Morris Kupfer is VP of Finance at HighRadius, a global SaaS Fintech Company for the Office of the CFO.
Every CFO knows the faster their finance team can close the books and deliver real-time insights to stakeholders, the more strategic value they bring to the business.
Financial close is one of the most stressful periods in the order-to-cash department. Even with the aid of innovative technology, many teams have still not caught up and remain heavily reliant on manual processes and legacy tools to manage the task.
Illustrating this point is the FSN Modern Finance Forum’s recent survey, which showed that 97% of CFOs are kept awake at night by the concern that finance teams will not meet their reporting deadlines.
Manual processes mean there is a risk of not catching everything, which creates a constant negotiation with auditors to defend decisions taken for passing “post close” adjustment. Mind you, most finance executives I discuss this problem with live, breathe and rely on older solutions such as Excel.
Automation Lays The Foundations
Automation has improved these inefficiencies and helped companies manage risk. It can catch some of the errors that even the most eagle-eyed of employees might miss. However, it is not a panacea.
According to the FSN Global Survey of 2020, 46% of finance automation initiatives failed to improve process efficiency and 45% failed to remove mundane and manually intensive work.
While automation can speed up the process, there will still be times when a finance department needs to step in and review a report or an anomaly if data can’t be recognized by the system.
Accounting processes require more than just automation. They need to be autonomous, with artificial intelligence (AI) positioned as an integral part of the tech stack.
Reimagining financial processes as AI-driven, autonomous operations will transform the workforce. It will give teams the time and space needed to offer ideas, insights and strategies to help companies grow.
A useful analogy is the autopilot function on a plane. Sensing airspeed, altitude, direction and traffic improves efficiency and reduces fuel burn, but the human judgment of a pilot is needed to ensure passenger safety.
The latest innovations in image-recognition AI mean a runway can be located, but still relies on human interaction to make important judgment calls such as communicating with air traffic control so they know when and where to land.
Much like the B2C revolution of Amazon, Netflix and Facebook, which have leveraged data-driven behavior to transform the client experience, autonomous software leverages AI-based anomaly detection to reduce or eliminate some of the repetitive tasks involved as part of the month-end close.
Autonomous accounting does not mean there is no human presence, it simply means that the human does not need to be the glue that holds the process together.
Finance Of The Future
Imagine the possibilities for finance in the future. An analyst arrives for work, and the system provides a list of prioritized tasks each day. Exceptions are clearly shown on a dashboard. These exceptions could be something such as flagging an invoice that may have been processed by an analyst and coded to the wrong account. Anomalies (errors and omissions) will be identified based on timing, GL code and vendor information.

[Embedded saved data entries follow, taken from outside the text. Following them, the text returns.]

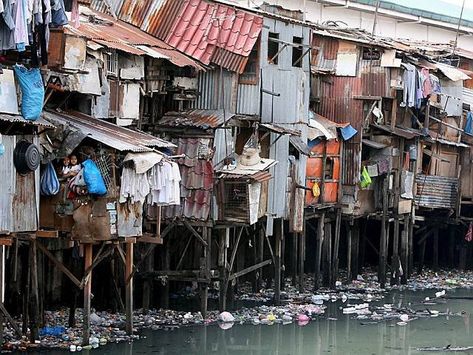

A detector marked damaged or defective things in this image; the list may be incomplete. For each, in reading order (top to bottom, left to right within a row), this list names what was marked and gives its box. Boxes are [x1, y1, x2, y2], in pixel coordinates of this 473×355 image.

rusty metal roof [63, 7, 203, 69]
rusty metal sheet [42, 110, 173, 151]
rusty metal roof [42, 110, 174, 152]
rusty metal roof [159, 110, 235, 130] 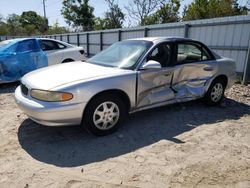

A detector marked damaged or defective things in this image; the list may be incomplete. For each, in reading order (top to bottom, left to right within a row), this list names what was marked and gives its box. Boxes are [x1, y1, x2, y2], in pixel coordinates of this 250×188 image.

Close tasks will be automated by using a combination of intelligent automation tools and seamless integration of applications to enterprise resource planning software (ERP) and other third-party systems. Anomalies (errors and omissions) will be listed and a correcting journal entry will be suggested.
Similarly, balance sheets will be constantly reviewed for variances and potential open items identified and resolved on a daily basis. Human judgment will still be an important factor to ensure there is business context, and any unique transactions can be identified and resolved with a high degree of confidence.
In the future, this AI-powered automation will allow accounting teams to close the books at the end of every day. Any issues with errors and omissions will be identified, assigned and resolved daily.
Making The Leap Of Faith
Given the benefits of this bright future, what is stopping organizations from embracing the necessary changes to make it a reality? Often data-quality issues, lack of a change management mindset and inability to build an ROI for a faster financial close are the main barriers.
What’s more, every organization will have different problems to overcome. Over time, AI will learn some of these patterns and behaviors, and make the necessary corrections along the way to increase efficiency, speed and productivity.
In the meantime, CFOs need to develop an automation-first mindset. This will allow the finance department to scale, with automation taking over mundane tasks and human intervention required only for tasks that require technical accounting skills or context-specific judgment. Here are a few key areas where, from a financial perspective, human judgment is still required:
Unique or first-time customer transactions: Machine learning will likely flag this as an anomaly as it has been programmed to look out for something it hasn’t seen before. In this example, human interaction is required to interpret this data to ensure the transaction is not fraudulent or unusual. Once this has been resolved and inputted back into the system, machine learning will ensure it isn’t flagged the next time it happens.
Transactions taking place against accounts flagged as high risk: An account may have been flagged as high risk based on the industry it operates in, a history of potential fraud or a high volume of transactions. When a transaction occurs against these accounts, an exception is raised, which must be investigated further with manual judgment required.
High-value transactions posted close to month/period end: These will be flagged as requiring further investigation to verify that the entry is genuine to ensure accounting cutoffs are adhered to.
The accounting industry is likely going to continue to evolve. All that said, outside of a few use cases, autonomous accounting already has transformational potential and is now more of a possibility than ever.